Bernice King, the youngest surviving child of Dr. Martin Luther King Jr., addressed the congregation during the Aug. 27 Interfaith Service at the Basilica in Northeast.
Bernice King was only five years old when her father, Dr. Martin Luther King Jr., was assassinated. But when the 48-year-old Atlanta minister graced the pulpit of the Basilica of the National Shrine of the Immaculate Conception Saturday during an interfaith prayer service in honor of her iconic father, she recalled him as "a servant of a high God, obedient."
According to a statement issued earlier by Harry Johnson, president and CEO of the Washington MLK Memorial Foundation, the prayer service was an opportunity for people of all denominations to come together and reflect on faith as a source of strength, while celebrating the civil rights leader's unshakable resolve bringing his dream of justice and equality for all mankind to fruition.
Also included on the program as speakers were Dr. King's confidants the Rev. Joseph Lowery, who co-founded the Southern Christian Leadership Conference (SCLC) with him, and former United Nations Ambassador Andrew Young -- who like Lowery -- accompanied King on several marches in the South for equal rights.
Referencing Hurricane Irene, which caused the cancellation of two major marches that had also been planned for Aug. 27, Lowery commented that, "with all the things black folk have been through, ain't no little hurricane going to stop this."

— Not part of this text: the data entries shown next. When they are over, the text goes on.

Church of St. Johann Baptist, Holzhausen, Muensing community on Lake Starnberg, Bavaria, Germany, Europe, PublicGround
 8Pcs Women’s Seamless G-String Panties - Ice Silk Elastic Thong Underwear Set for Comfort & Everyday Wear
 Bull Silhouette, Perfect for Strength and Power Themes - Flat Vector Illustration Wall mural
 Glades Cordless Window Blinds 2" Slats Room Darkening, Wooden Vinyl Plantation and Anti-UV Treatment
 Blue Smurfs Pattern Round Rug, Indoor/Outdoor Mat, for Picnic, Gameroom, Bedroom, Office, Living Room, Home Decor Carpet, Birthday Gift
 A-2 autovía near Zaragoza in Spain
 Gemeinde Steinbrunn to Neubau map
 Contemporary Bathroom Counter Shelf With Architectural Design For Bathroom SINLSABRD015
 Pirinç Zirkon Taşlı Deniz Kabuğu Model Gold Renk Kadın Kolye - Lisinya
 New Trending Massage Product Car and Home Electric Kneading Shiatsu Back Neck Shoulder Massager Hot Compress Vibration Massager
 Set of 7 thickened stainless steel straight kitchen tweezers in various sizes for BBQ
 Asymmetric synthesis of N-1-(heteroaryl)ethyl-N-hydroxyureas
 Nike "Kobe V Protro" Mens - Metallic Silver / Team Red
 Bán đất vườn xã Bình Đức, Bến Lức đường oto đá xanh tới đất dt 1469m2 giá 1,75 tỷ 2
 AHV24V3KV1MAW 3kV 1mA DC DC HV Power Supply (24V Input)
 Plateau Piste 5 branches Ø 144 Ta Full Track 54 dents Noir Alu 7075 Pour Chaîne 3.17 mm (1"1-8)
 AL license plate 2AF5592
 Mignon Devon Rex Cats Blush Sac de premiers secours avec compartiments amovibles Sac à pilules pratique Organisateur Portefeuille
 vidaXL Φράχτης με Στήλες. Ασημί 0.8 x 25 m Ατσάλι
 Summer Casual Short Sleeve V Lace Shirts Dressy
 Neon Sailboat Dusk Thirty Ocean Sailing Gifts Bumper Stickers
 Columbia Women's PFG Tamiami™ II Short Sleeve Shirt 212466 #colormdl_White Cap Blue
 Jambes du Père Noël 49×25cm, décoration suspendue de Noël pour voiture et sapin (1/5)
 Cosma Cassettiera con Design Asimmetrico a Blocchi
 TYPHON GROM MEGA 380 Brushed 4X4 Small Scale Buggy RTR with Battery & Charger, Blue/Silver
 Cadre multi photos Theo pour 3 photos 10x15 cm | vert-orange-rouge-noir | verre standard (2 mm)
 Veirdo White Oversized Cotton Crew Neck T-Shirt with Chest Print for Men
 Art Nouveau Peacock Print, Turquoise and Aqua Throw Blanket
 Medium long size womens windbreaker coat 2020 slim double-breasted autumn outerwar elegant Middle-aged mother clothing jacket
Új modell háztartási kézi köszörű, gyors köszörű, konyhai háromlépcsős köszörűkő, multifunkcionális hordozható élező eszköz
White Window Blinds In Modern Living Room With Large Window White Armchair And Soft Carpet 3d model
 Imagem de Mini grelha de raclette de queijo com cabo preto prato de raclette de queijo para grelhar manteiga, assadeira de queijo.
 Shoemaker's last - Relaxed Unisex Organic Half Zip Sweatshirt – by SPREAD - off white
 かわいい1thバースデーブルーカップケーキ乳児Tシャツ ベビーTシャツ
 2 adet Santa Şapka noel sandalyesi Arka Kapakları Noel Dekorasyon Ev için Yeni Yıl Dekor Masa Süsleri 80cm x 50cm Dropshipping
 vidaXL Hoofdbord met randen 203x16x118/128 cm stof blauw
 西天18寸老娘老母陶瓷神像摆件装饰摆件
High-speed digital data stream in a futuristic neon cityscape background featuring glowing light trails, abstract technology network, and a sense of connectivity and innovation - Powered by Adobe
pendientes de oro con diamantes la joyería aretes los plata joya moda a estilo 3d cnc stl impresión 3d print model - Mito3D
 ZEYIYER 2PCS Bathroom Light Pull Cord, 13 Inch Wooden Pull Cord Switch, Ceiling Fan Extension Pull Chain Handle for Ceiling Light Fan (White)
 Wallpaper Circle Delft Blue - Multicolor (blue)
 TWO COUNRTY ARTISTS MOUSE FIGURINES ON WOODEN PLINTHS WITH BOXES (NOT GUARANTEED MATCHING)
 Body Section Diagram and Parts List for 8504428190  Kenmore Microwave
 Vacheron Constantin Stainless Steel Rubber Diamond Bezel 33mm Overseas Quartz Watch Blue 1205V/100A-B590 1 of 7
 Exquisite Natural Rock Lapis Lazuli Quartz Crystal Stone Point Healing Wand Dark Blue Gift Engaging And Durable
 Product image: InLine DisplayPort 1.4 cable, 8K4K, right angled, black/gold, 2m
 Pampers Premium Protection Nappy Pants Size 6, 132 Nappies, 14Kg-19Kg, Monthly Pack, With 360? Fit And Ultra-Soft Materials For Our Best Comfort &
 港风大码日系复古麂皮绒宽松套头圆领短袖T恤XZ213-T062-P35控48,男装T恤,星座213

Young noted that everywhere King went, he was met with a "mountain of despair that was thrust upon him by the evils" of the world. Young added that in keeping King's legacy intact, "you and I must become stones of hope in the midst."
The service culminated a week of events surrounding Sunday's postponed dedication of the new Martin Luther King Memorial on the National Mall. The dedication is now slated to take place in either September or October.